Chapter 1 is a discussion of object-oriented design techniques, based on the authors' experience, which they believe would lead to good object-oriented software design, including:

  • "Program to an interface, not an implementation." (Gang of Four 1995:18)
  • Composition over inheritance: "Favor 'object composition' over 'class inheritance'." (Gang of Four 1995:20)

(also: https://www.artima.com/articles/design-principles-from-design-patterns )

I've never heard of any principle recommending "Test the interface, not the implementation".

Unless I'm completely misunderstanding the intention behind this advice, I see no reason for such a principle to exist because it seems to be an unnecessary antagonisation of white-box and black-box testing.

Unlike other GoF principles, there is generally no reason why one type of testing should necessarily exclude the other, and indeed you would ideally have both if time/deadlines allow for it.
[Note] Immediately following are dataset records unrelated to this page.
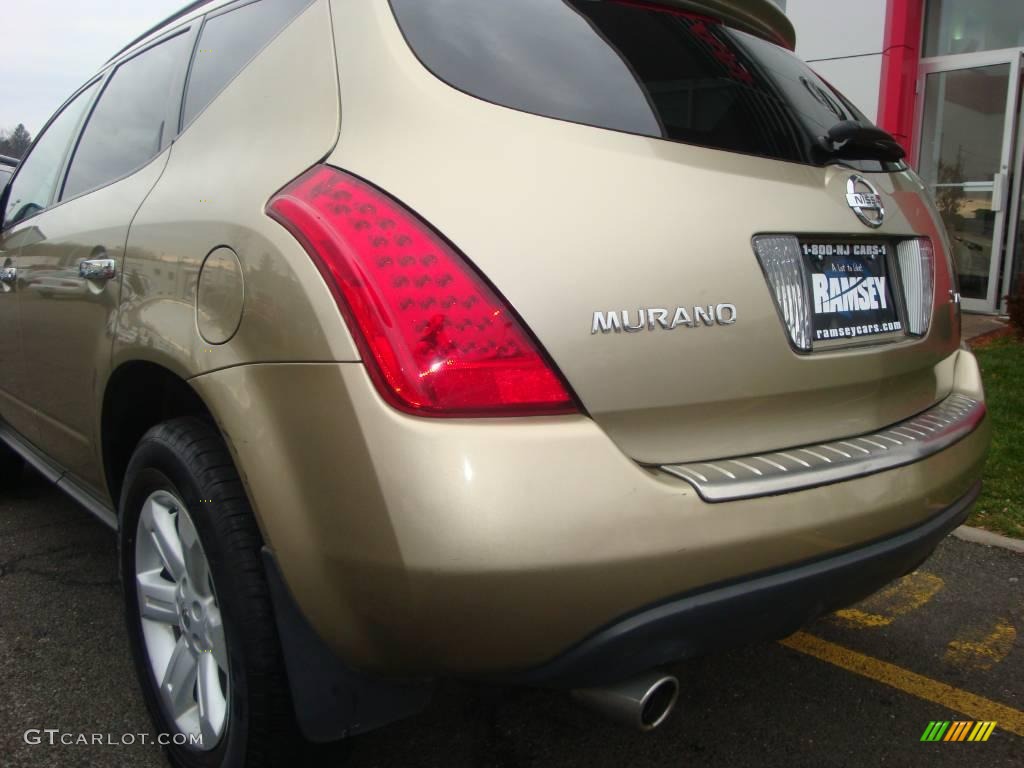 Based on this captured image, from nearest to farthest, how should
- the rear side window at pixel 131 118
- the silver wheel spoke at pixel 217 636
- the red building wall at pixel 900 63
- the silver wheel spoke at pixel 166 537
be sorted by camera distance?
→ the silver wheel spoke at pixel 217 636
the silver wheel spoke at pixel 166 537
the rear side window at pixel 131 118
the red building wall at pixel 900 63

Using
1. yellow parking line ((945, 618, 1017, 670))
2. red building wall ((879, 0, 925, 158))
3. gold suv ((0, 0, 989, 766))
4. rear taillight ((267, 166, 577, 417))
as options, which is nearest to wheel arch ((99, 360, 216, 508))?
gold suv ((0, 0, 989, 766))

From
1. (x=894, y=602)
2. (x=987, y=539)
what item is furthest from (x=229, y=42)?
(x=987, y=539)

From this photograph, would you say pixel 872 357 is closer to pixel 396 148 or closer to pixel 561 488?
pixel 561 488

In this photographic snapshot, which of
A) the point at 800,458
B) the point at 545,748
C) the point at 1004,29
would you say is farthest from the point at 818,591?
the point at 1004,29

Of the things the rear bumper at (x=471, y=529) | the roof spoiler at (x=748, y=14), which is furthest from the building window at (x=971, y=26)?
the rear bumper at (x=471, y=529)

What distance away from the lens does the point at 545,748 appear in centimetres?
205

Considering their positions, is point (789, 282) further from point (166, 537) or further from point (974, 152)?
point (974, 152)

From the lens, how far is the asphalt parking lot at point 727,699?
6.66 feet

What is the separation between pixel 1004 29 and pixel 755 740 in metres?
7.98

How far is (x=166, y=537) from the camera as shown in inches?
72.5

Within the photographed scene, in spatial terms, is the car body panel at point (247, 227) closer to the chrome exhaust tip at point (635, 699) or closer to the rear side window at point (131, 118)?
the rear side window at point (131, 118)

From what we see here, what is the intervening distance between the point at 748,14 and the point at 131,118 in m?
1.79
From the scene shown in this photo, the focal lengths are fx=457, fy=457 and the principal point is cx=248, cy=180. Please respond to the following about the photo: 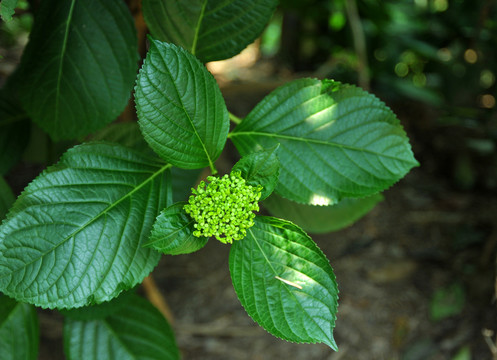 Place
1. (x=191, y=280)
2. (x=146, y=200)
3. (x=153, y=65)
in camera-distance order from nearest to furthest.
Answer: (x=153, y=65), (x=146, y=200), (x=191, y=280)

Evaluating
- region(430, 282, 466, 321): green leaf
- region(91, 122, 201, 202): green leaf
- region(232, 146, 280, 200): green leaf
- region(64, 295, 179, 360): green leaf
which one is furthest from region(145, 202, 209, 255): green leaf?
region(430, 282, 466, 321): green leaf

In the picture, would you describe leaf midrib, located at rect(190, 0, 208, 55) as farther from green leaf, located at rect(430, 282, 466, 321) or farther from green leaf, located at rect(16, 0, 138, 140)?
green leaf, located at rect(430, 282, 466, 321)

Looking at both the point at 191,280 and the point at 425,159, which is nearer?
the point at 191,280

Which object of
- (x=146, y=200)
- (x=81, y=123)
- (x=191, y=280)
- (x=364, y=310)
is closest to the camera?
(x=146, y=200)

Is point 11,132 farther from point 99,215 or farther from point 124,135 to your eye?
point 99,215

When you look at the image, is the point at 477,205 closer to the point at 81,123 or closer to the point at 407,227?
the point at 407,227

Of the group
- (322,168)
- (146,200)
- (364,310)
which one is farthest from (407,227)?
(146,200)

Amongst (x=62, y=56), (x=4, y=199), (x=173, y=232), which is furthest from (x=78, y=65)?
(x=173, y=232)

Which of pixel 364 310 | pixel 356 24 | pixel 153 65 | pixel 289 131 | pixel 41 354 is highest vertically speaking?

Furthermore, each type of testing has its own separate advantages and disadvantages. In many cases using both together, despite some likely testing overlap, can be complementary by providing insight and protection from different perspectives.

  • 2
    „Test the interface, not the implementation” may come from TDD: in TDD you don’t have the implementation when you write your tests, but only the interface (aka specification). As a side note: in testing safety critical applications it is required to achieve complete coverage of the implementation based on the requirements (aka specification) alone. In my experience this is a good principle: difficult to achieve but very rewarding. It makes you think hard about your interface and it’s specification (aka documentation), usually with very good results. Commented Sep 23, 2021 at 8:02
  • oh wow, the question was reopened. Let's see if anyone else has anything to day. Otherwise, I will accept this answer after a couple of more days.
    – Mike Nakis
    Commented Oct 1, 2021 at 17:38
  • I tend to second that quote, though. Testing against the implementation (details) leads to more brittle test implementations. And that counteracts the value of the test to guard against regressions (the test somehow becomes the regression). If you have to change the test when you refactor some unit, I think that's a smell. The API of some implementation should therefore always be the most stable thing, and the test should be against the API, not implementation (details).